Markus Leitner: Ich war zweimal ganz nah dabei und durfte bei der Auswilderung für Hansruedi Weyrich einspringen, der sonst für die Vulture Conservation Foundation fotografiert, aber damals bei den Braunbären in Alaska war. Die Tage waren spannend, aber auch sehr fordernd, weil erstmals Markus Söder samt großem Medienrummel anwesend war. Am Vorabend habe ich in Toni Wegscheiders dunkler Garage fotografiert, wie wir die Federn der beiden Geierbuben für die Wiedererkennung im Flug blondiert und die Sender anprobiert haben. Am nächsten Morgen folgten die Veranstaltung am Klausbachhaus, der Aufstieg mit den Geiern bei schweißtreibender Hitze hinauf in die Halsgrube und schließlich die Auswilderung. Besonders dramatisch war der 30-Meter-Absturz von Wiggerl bei einer Rangelei mit Vinzenz. Weil er noch nicht flugfähig war und in der Steinschlagzone saß, haben wir kurzerhand ein Rettungsteam organisiert, ihn eingefangen und zurückgetragen. Am 30. Juni konnte ich schließlich Wiggerls ersten Flug filmen – ein einzigartiger Moment, zumal er bei der Landung gleich von einer Gamsgeiß attackiert wurde.
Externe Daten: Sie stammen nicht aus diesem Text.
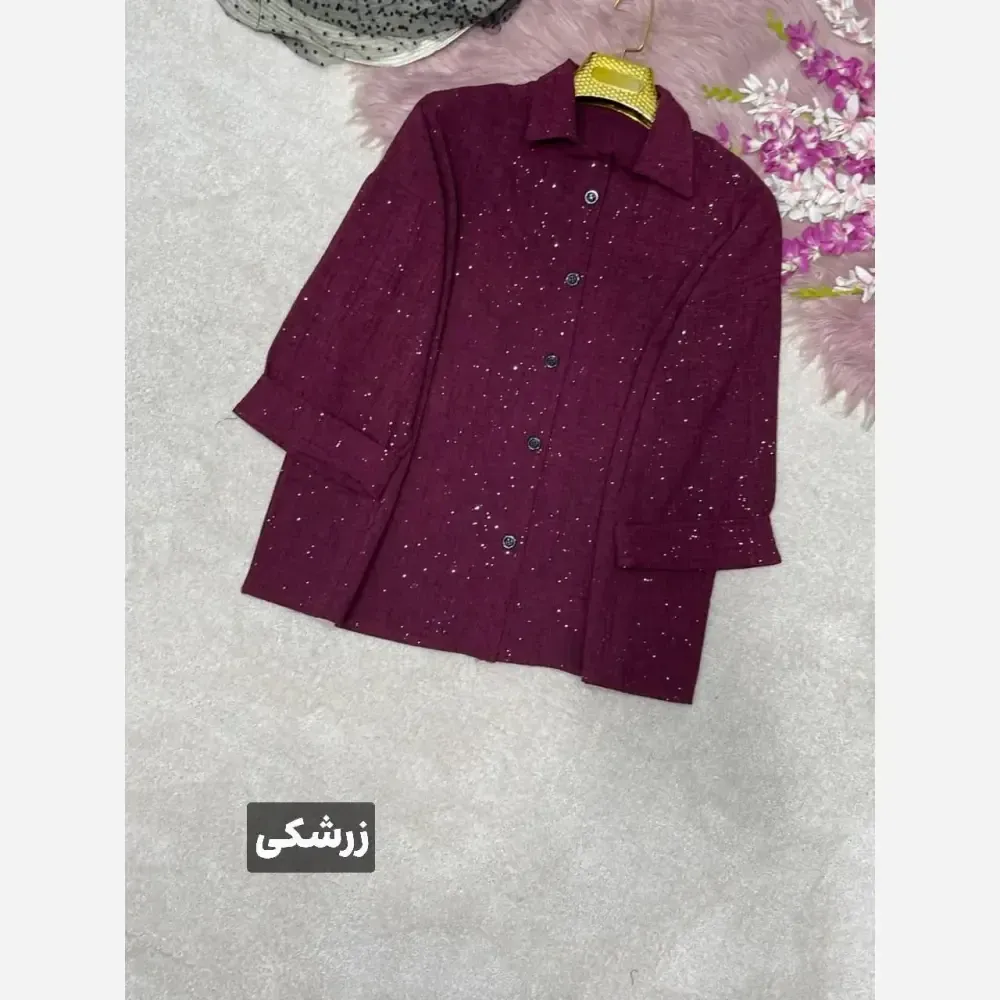 شومیز مانتویی زنانه مدل غزل جنس شانتون شاین فری سایز 38 تا 48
Der im Baum sitzende Reichenhaller Gänsegeier „Hänsel“ wird vom revierinhabenden Mäusebussard attackiert, dem der riesige Besucher nicht wirklich geheuer ist.
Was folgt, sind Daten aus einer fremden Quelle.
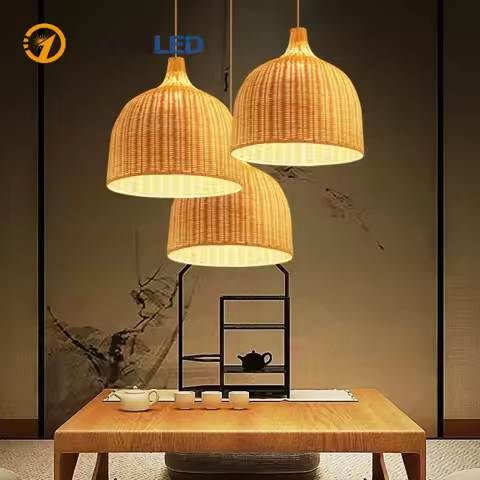 Hot Sale E27 Bamboo Pendant Lights Restaurant Bamboo Vine Lampshade Chandeliers Handmade Natural Rat
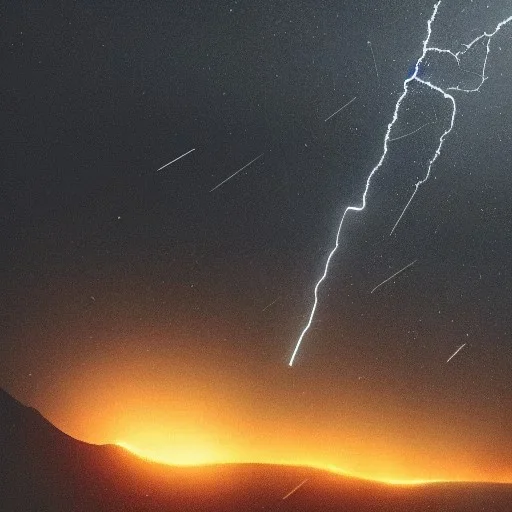 Heavy rain. Epic Lighting in the night sky. Knight with magic scroll in hand. Falling meteorite from the sky. Meteorite burning in the distance. Dark black mud.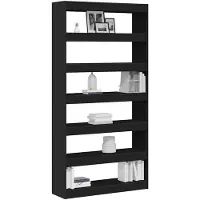 vidaXL Boekenkast 6-laags 100 x 30 x 198 cm Bewerkt hout Zwart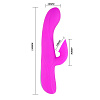 Лиловый вибромассажёр с посасывающим стимулятором клитора Baile MC04 (19 см)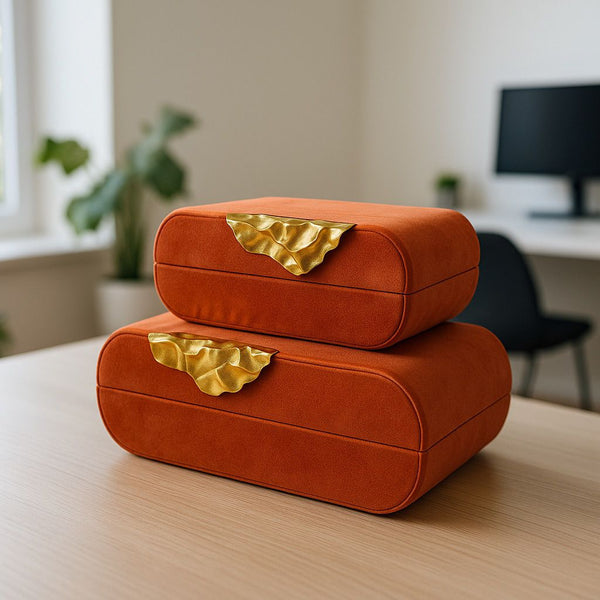 Lyxig Dekorativ Läderlåda Set med Vågiga Metalldetaljer - Orange (2-pack)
Sie verbringen jede freie Minute in der Natur, oft allein. Was fasziniert Sie nach all den Jahren noch immer an dieser zeitintensiven Art der Fotografie?
Leitner: Das Spannende ist, dass trotz aller Erfahrung nichts planbar ist. Jeder Moment bleibt unverfälscht echt. Gerade in unserer digitalen Welt ist das eine intensive Erfahrung für alle Sinne. Ich muss mir alles selbst erarbeiten – es gibt keine Abkürzungen, keine inszenierten Szenen wie im Zoo oder an Futterstellen, wo alle Fotografen dieselben Bilder machen.
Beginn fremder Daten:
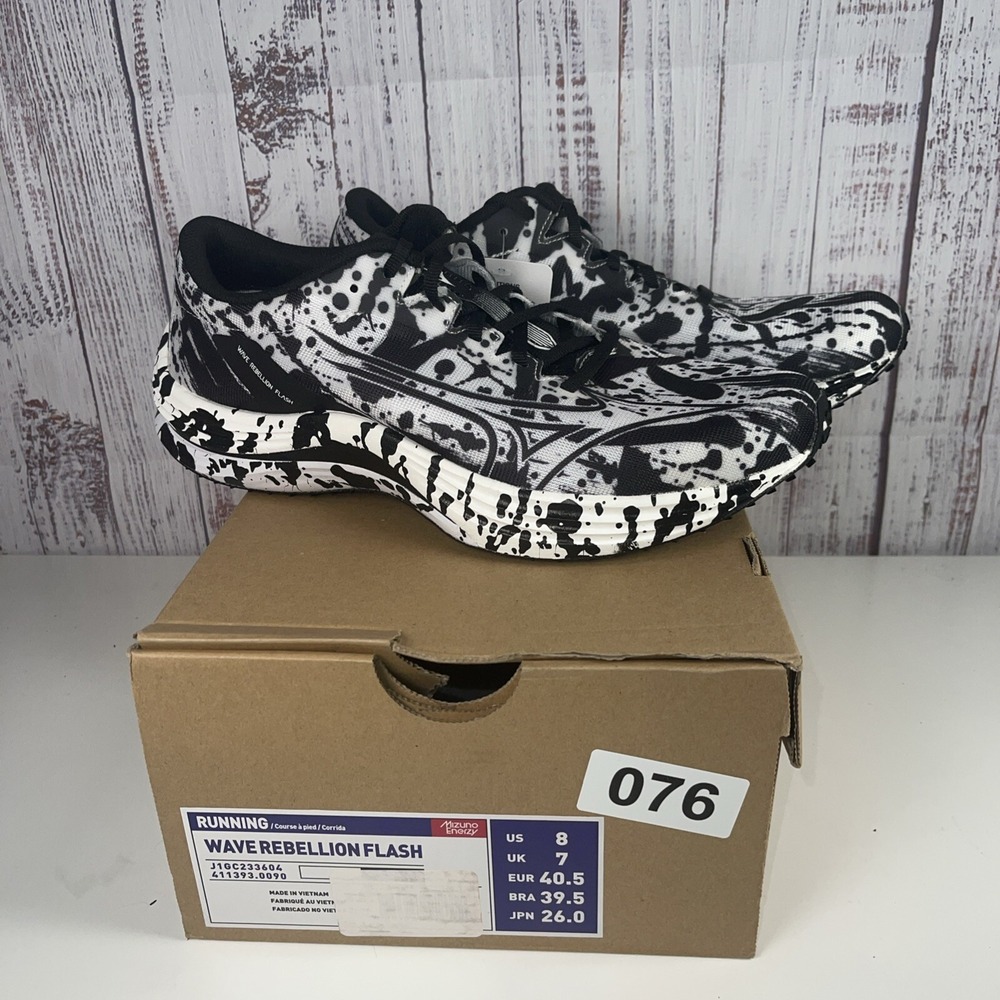 Mizuno Wave Rebellion Flash Running Shoes White Lightweight  Run Trainers M8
Haben Sie bei Ihren Exkursionen ein konkretes Motiv im Kopf oder lassen Sie sich treiben?
Leitner: Ich genieße in erster Linie die Ruhe in der Natur, habe aber immer den großen 80-Liter-Rucksack samt Kamera dabei. Natürlich plane ich auch, wo ich zu welcher Zeit sein sollte. Jahreszeit, Wetter, Licht, Temperatur und Wind beeinflussen das Verhalten der Tiere enorm. Wer ernsthaft Wildtiere fotografieren will, sollte sich intensiv mit ihnen beschäftigen. Schon aus Respekt – denn ein gutes Bild rechtfertigt niemals, dass man das natürliche Verhalten stört.

Wie oft waren Sie im vergangenen Jahr unterwegs?
Leitner: Meine GPS-Uhr zeigt 138 aufgezeichnete Bergtouren, vermutlich waren es sogar noch ein paar mehr. Manchmal war der Akku leer oder ich habe vergessen zu tracken.

Besonders dramatisch war der 30-Meter-Absturz von Wiggerl bei einer Rangelei mit Vinzenz. Weil er noch nicht flugfähig war und in der Steinschlagzone saß, musste er eingefangen und zurückgetragen werden.

Sie tragen den Spitznamen „Adlergraf“. Was verbindet Sie mit diesem Begriff?
Leitner: Der ursprüngliche Adlergraf war Max Graf von Arco-Zinneberg, der vor etwa 175 Jahren junge Adler aus Horsten holte. Diese Aushorstungen wurden in Tonlithografien dokumentiert, und an einigen dieser Horste brüten Adler bis heute. Das zeigt, wie alt diese Standorte sind. Der Name Adlergraf ist für mich ein Symbol: Er steht für den Wandel von der Ausrottung zum Artenschutz. Ich selbst fotografiere vor allem Steinadler und versuche, den Menschen über meine Bilder Respekt und Faszination für diese Tiere zu vermitteln. Und um zu schützen, muss man die Natur erst einmal kennen – deshalb verwende ich oft den Hashtag #dukannstnurschützenwasdukennst.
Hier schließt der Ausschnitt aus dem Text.